Watch lists/do not admit listing – does the visitor management system have a global ‘watch list’ or ‘do not admit’ list for all locations within an enterprise corporation or all companies in a multi-tenant environment, and is the service provider able to integrate with law enforcement and intelligence watch lists to ensure that high risk visitors and vehicles are flagged? Organisations with multiple locations and facilities down the road or in another province, need to be able to update and share a barred visitors list, in real time. Some visitor management solutions integrate with corporate HR networks to ensure that ex-employees, disgruntled ex-customers, and those that should otherwise be barred from your building are denied access.
Gary Chalmers: In general, the three key things to look for in any VM project would be as follows:
• A clearly defined collection methodology that ensures that you get clear and accurate data which is usable in the case of an event such as a fire or theft occurring.
• A clearly defined methodology for storing, retrieving, displaying and disposing of the data stored in the system that meets the requirements laid down by POPI.
• A system that meets the above criteria, but is convenient and not too overwhelming for first time, and especially returning visitors or contractors.
Barry East: My first question would be, do you have the in-house IT expertise to design, deploy, configure and manage a VM environment, whether on-premise or in the cloud? This is a crucial question as IT expertise is a must. Depending on the answer, it would dictate whether this function is undertaken in-house or outsourced.
The next focus would be on whether your stored data is critical to your operation, and if you’re able to comply with ISO 27001 standards. And finally that there should be an annual IT audit to ensure ongoing compliance, with a full risk assessment to ensure you meet changing circumstances.

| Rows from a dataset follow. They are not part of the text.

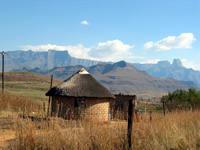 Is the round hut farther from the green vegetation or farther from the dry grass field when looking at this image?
the green vegetation

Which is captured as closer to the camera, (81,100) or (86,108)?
(86,108)

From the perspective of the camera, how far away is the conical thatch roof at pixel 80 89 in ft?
57.6

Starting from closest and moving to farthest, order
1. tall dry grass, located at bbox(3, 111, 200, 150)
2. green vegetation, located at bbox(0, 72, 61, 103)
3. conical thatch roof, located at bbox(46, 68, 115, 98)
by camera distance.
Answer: tall dry grass, located at bbox(3, 111, 200, 150)
conical thatch roof, located at bbox(46, 68, 115, 98)
green vegetation, located at bbox(0, 72, 61, 103)

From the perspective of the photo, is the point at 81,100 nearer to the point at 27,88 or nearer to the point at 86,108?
the point at 86,108

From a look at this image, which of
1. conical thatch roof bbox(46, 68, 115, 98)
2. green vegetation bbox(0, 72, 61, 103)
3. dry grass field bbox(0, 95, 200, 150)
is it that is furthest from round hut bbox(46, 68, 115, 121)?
green vegetation bbox(0, 72, 61, 103)

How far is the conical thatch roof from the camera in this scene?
57.6 ft

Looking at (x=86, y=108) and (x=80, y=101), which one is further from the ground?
(x=80, y=101)

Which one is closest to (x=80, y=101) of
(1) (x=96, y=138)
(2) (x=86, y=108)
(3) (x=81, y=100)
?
(3) (x=81, y=100)

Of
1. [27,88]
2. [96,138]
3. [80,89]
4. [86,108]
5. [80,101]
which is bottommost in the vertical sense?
[86,108]

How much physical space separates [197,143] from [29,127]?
4788 mm

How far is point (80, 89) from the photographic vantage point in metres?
18.0

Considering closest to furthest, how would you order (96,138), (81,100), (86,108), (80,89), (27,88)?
1. (96,138)
2. (86,108)
3. (81,100)
4. (80,89)
5. (27,88)

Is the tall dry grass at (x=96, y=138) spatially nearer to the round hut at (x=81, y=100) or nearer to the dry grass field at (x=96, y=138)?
the dry grass field at (x=96, y=138)

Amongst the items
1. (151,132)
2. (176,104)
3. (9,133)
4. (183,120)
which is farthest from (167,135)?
(176,104) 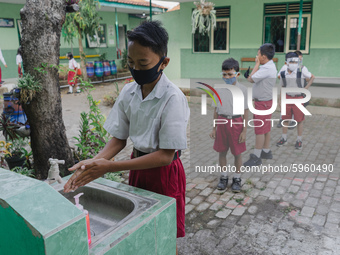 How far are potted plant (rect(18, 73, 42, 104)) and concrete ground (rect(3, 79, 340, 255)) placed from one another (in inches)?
86.2

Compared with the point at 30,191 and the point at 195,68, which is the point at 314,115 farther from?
the point at 30,191

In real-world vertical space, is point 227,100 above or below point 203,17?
below

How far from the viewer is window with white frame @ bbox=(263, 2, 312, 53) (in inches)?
423

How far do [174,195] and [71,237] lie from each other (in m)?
0.94

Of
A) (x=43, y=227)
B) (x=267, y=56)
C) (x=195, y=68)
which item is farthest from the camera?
(x=195, y=68)

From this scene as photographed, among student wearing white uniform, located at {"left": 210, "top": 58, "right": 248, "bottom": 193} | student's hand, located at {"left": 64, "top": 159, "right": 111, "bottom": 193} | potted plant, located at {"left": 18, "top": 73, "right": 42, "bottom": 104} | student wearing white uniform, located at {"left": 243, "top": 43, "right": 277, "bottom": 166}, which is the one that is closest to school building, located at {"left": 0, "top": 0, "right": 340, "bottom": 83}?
student wearing white uniform, located at {"left": 243, "top": 43, "right": 277, "bottom": 166}

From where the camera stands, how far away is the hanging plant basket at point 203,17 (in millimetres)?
11164

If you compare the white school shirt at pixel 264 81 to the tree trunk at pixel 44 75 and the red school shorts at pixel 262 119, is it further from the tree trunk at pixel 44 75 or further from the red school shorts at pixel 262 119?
the tree trunk at pixel 44 75

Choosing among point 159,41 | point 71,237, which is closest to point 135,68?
point 159,41

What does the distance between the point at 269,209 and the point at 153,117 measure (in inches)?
101

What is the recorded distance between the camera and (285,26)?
10992mm

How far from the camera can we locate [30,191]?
A: 4.62 ft

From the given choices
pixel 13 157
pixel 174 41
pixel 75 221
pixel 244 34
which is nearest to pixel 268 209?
pixel 75 221

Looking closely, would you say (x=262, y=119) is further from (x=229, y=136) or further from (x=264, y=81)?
(x=229, y=136)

In closing, data security is primarily an internal IT function. If the design and deployment of the IT infrastructure, whether on-premise or in the cloud, has not been carefully considered, loopholes well outside the control of the system vendor can exist and expose the end user to potential threats or legal complications. As more IP devices are added to the network, so the need to ensure the necessary level of IT competence and expertise increases. This trend will only grow as the technologies advance; what we see today in the business environment will be the future of home environments with elements such as the Internet of Things and IPV6 devices.